Chasing Portia: Brake could overhaul former team-mate’s try record in Vancouver

Around the time that the iPhone 5 was the must-have accessory, Portia Woodman – as she was known then – became the leading try scorer in HSBC sevens.
Back in 2013, in the early days of the women’s series, she would go toe-to-toe with the likes of Emilee Barton (nee Cherry), now a World Rugby Hall of Famer, in the leading try-scoring stakes. With 21 tries at the end of the first season, which consisted of just four events, Woodman finished as the top scorer and has led the way ever since.
When she retired from international sevens at the end of last season, Woodman-Wickliffe – she and Renee Wickliffe married in December 2022 – had 256 tries to her name.

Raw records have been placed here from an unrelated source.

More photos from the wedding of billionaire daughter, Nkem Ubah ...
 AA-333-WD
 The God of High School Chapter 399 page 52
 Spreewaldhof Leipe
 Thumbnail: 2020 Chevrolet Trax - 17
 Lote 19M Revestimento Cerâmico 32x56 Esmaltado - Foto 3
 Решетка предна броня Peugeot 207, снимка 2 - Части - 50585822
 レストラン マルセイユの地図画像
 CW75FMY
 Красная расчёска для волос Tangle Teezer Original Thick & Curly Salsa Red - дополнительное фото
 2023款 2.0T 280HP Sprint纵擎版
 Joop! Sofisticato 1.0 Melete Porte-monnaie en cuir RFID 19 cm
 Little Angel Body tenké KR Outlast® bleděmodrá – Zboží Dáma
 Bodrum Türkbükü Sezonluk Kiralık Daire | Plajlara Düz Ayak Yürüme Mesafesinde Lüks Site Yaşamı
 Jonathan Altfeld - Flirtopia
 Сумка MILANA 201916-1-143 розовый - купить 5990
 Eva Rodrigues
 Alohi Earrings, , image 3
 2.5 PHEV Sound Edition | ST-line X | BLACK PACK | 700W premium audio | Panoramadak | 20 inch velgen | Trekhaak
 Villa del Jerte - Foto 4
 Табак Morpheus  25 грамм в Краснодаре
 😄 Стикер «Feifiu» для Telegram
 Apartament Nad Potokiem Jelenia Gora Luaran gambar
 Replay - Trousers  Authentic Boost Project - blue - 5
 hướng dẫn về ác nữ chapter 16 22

But records are made to be broken and this weekend when HSBC SVNS returns to Vancouver it’s likely that another with a new name but an equally familiar face will top the all-time try scorers list for the first time.
Fellow kiwi flyer Michaela Brake (nee Blyde) starts the weekend on 254 in a try-scoring career that has some parallels with her trail-blazing ex-team-mate. Woodman-Wickcliffe played 255 matches across 44 tournaments, while Vancouver will be Brake’s 45th series event, having so far played 257 games.
The early stages of Brake’s career were a much slower burn than Woodman-Wickliffe’s. After making her debut in the 2014 season, Brake, still a teenager, only played in eight out of a possible 15 tournaments in the lead up to the Rio Olympics in 2016, while Woodman had been one of the first names on the team-sheet right from the start.
The following year, however, Brake showed she too was a try-scoring weapon to be reckoned with.
That season – and in 2018 – the pair played in lethal tandem, combining for 143 tries, despite the fact Woodman-Wickliffe missed two events due to Rugby World Cup commitments.
Across those two seasons, New Zealand won the Commonwealth Games and Sevens World Cup, and lost just three games on the series – one of which was a 31-0 hiding at the hands of Australia that spurred the Black Ferns Sevens to even greater heights.
Only today, in Australian wonder-duo Maddison Levi and Faith Nathan, does another team now boast twin strike weapons as lethal as Brake and Woodman-Wickliffe were from 2017 through to the latter’s retirement after the Paris Olympics.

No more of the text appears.